Un groupe australien de la pseudo-gauche salue la victoire de Syriza en Grèce

L’organisation capitaliste d’Etat australienne Alternative socialiste (Socialist Alternative, SA) figure parmi les tendances de la pseudo-gauche qui se sont empressées sur le plan international à saluer l’issue des élections grecques. Comme en Europe et ailleurs, SA cherche à masquer les profonds dangers que renferme pour la classe ouvrière la victoire de Syriza et la formation d’une coalition gouvernementale avec le parti nationaliste d’extrême droite des Grecs indépendants.

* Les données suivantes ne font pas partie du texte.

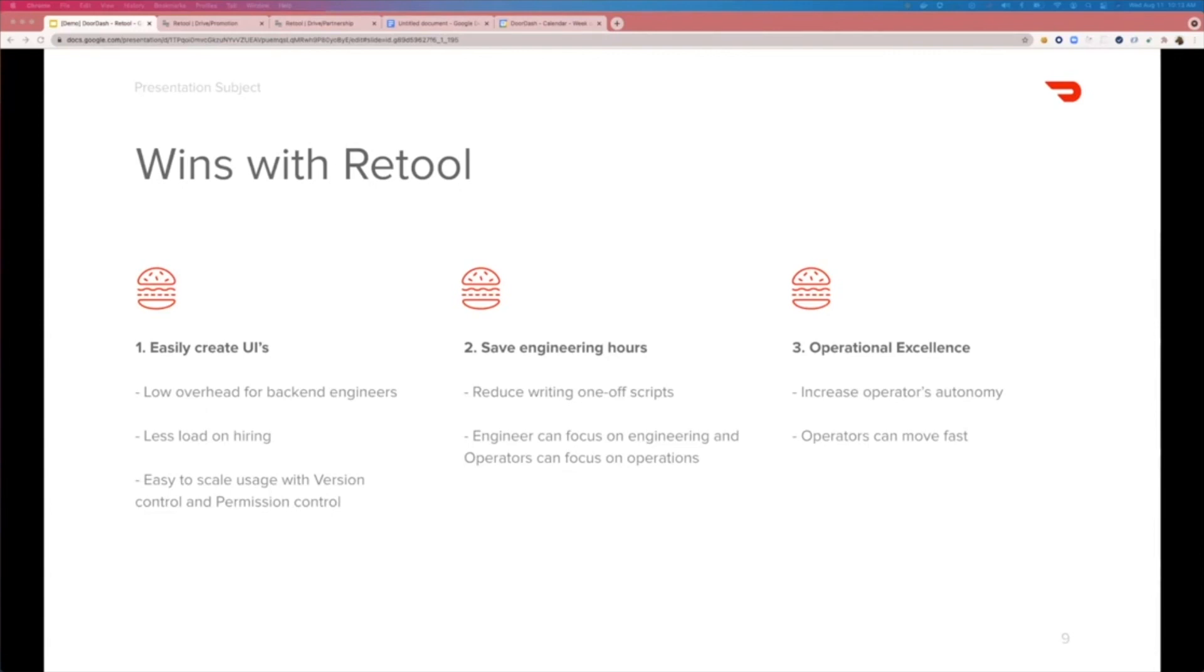Secondly, we were able to save engineering hours. We were able to decouple engineers from operational tasks by providing operators a self-serve tool, and this allowed engineers to focus on engineering and operators to focus on operations.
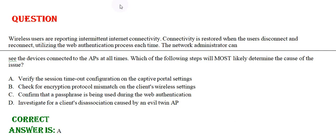Option A: Verify the session timeout configuration on the captive portal settings. Option B: Check for encryption protocol mismatch in the client's wireless settings.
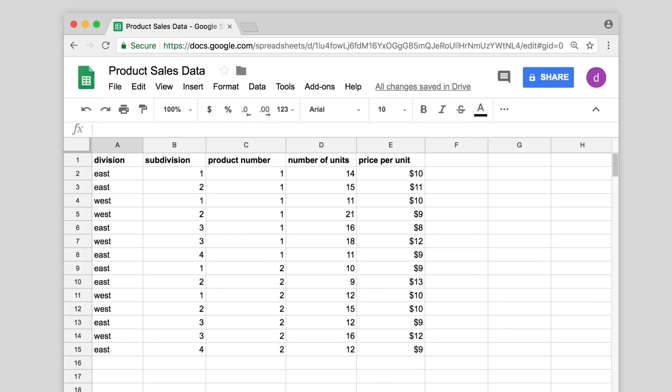You can use pivot tables to organize and summarize large sets of data. In this example, we want to know which division and subdivision has the highest average price per unit and which sold the most number of units.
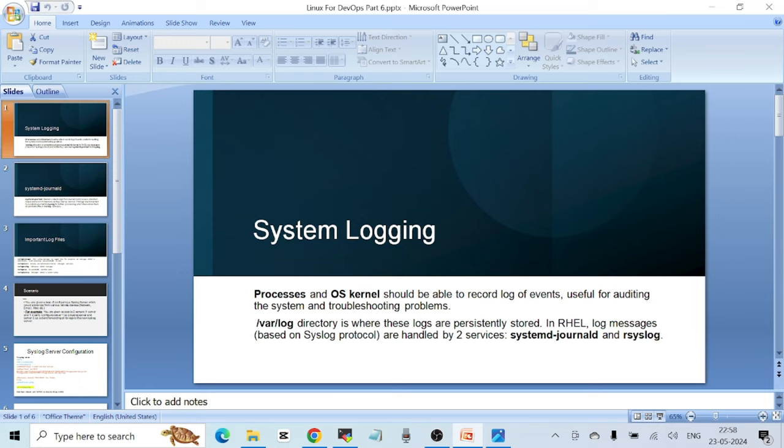Hello everyone, welcome to another video. This is Part 6 of the Linux for DevOps crash course. Today I want to talk about the logging mechanism on a Linux system — how it works and how we can manage the logs which are generated on our Linux systems.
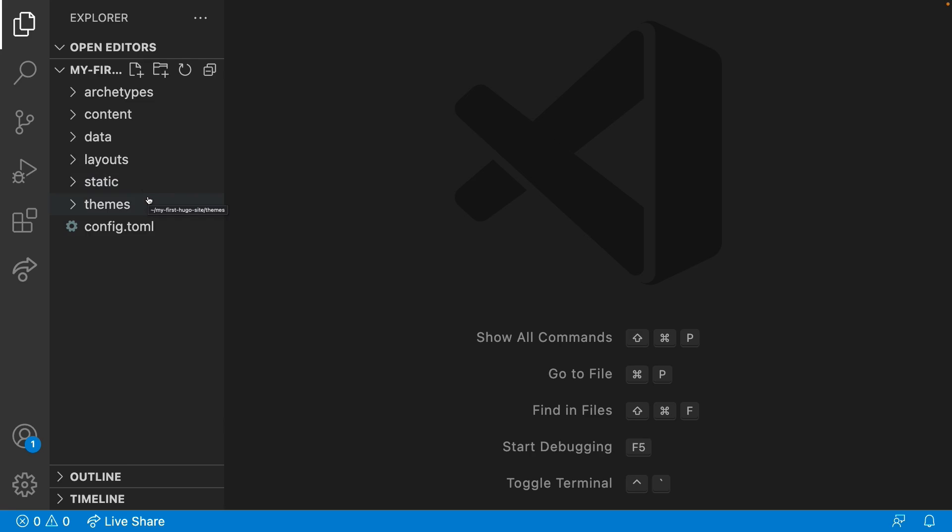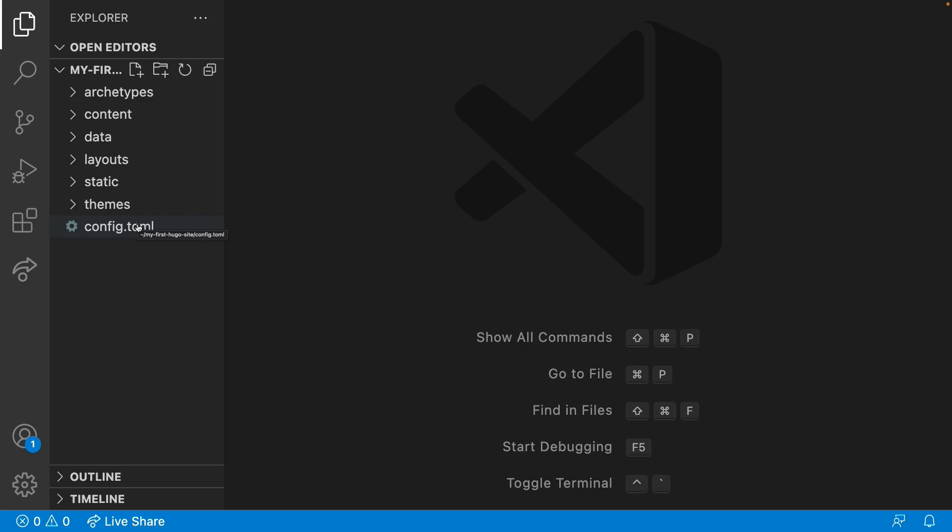Themes: jump-start your Hugo site with an existing theme. We won't be using themes in this series. Config.toml: the configuration for your soon-to-be-flourishing Hugo site.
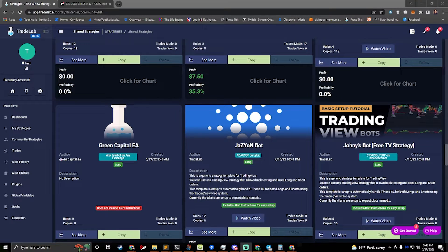Hi, I'm Jake from TradeLab.ai. Today I'm going to be talking about how to set up a trailing stop in TradeLab. A trailing stop is when you want to make a stop loss and it follows going up or down, depending on if you're doing a long or short.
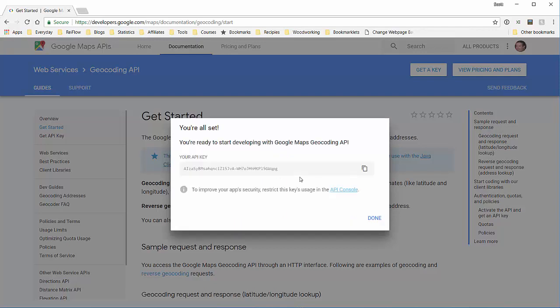Once you have your API key, you can click this button to copy it, and then paste it where you need it.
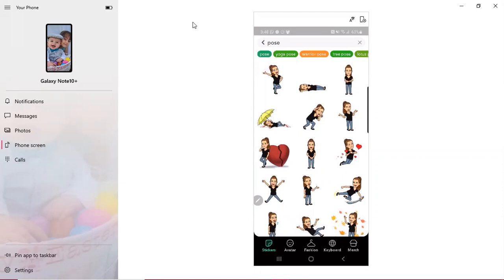For me my phone automatically set up a file folder in my gallery for the Bitmoji app. So all of the Bitmojis that I download immediately go right to that file. They're easy for me to find.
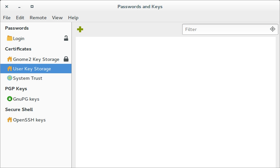Seahorse is a GNOME front-end application for managing PGP and SSH keys. Seahorse integrates with Nautilus, Gedit, and Evolution for encryption, decryption, and other operations. It has HKP and LDAP key server support. The program is based on GNU Privacy Guard and is released as free software under the GNU General Public License.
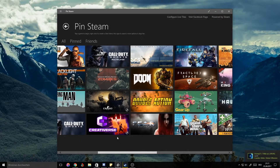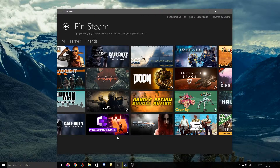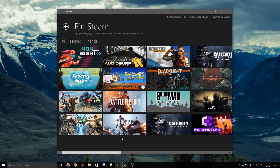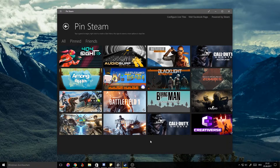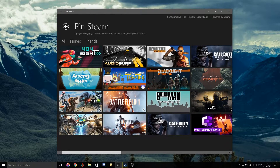You'll obviously have an easier time if most of your games are from Steam. However, you can also use games from Origin like Battlefield, or any other publisher — it doesn't really matter where you got your game from. This should work with every game as long as you have Steam, because this whole thing is based on Steam. I'll show you how to add a Steam game, and then how to add a game you didn't buy in Steam.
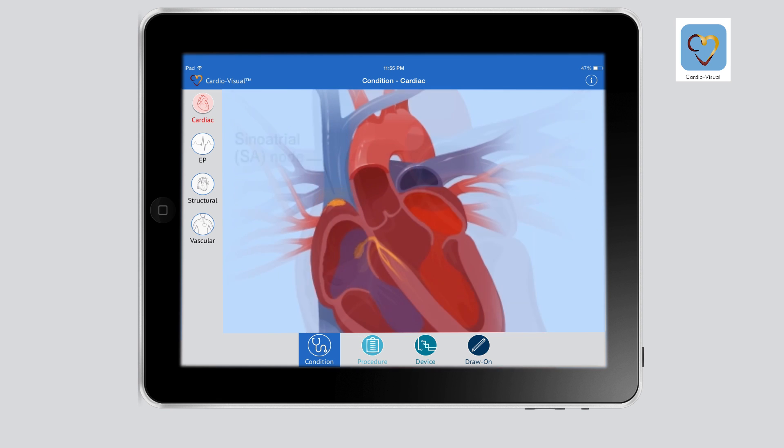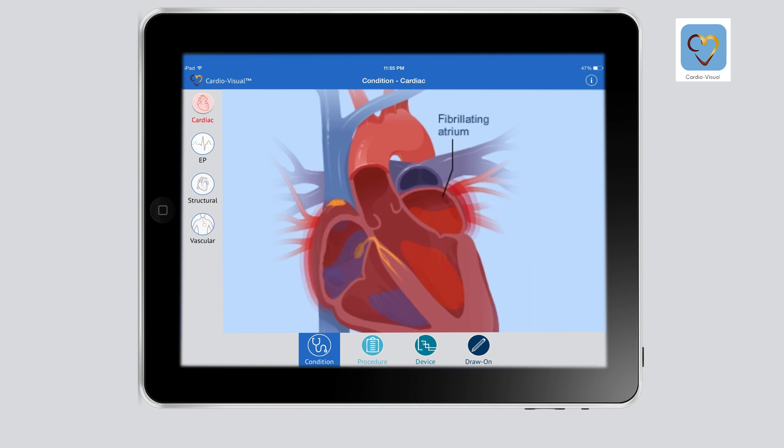Then I can quickly take them to the video associated with atrial fibrillation and how atrial fibrillation differentiates itself from a normal rhythm.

Comme le WSWS avait averti dans la perspective du 27 janvier: «Mais la victoire électorale de Syriza n’exprime pas pour la classe ouvrière grecque ou de sa part un développement politique, une avancée, un progrès ou quoi que ce soit de ce genre. Par son origine, sa composition sociale et politique, Syriza est un parti bourgeois, un de ces partis parmi tant d’autres qui, comme les démocrates du président Obama aux Etats-Unis, arrivent au pouvoir grâce à des promesses d’ “espoir” et de “changement”, et imposent ensuite une politique d’austérité et de guerre. Syriza trahira inéluctablement, et ce, plus tôt que tard, l’aspiration cyniquement exploitée à une fin des privations et de la souffrance sociales.» (Voir: «http://www.wsws.org/fr/articles/2015/jan2015/psgr-j29.shtml»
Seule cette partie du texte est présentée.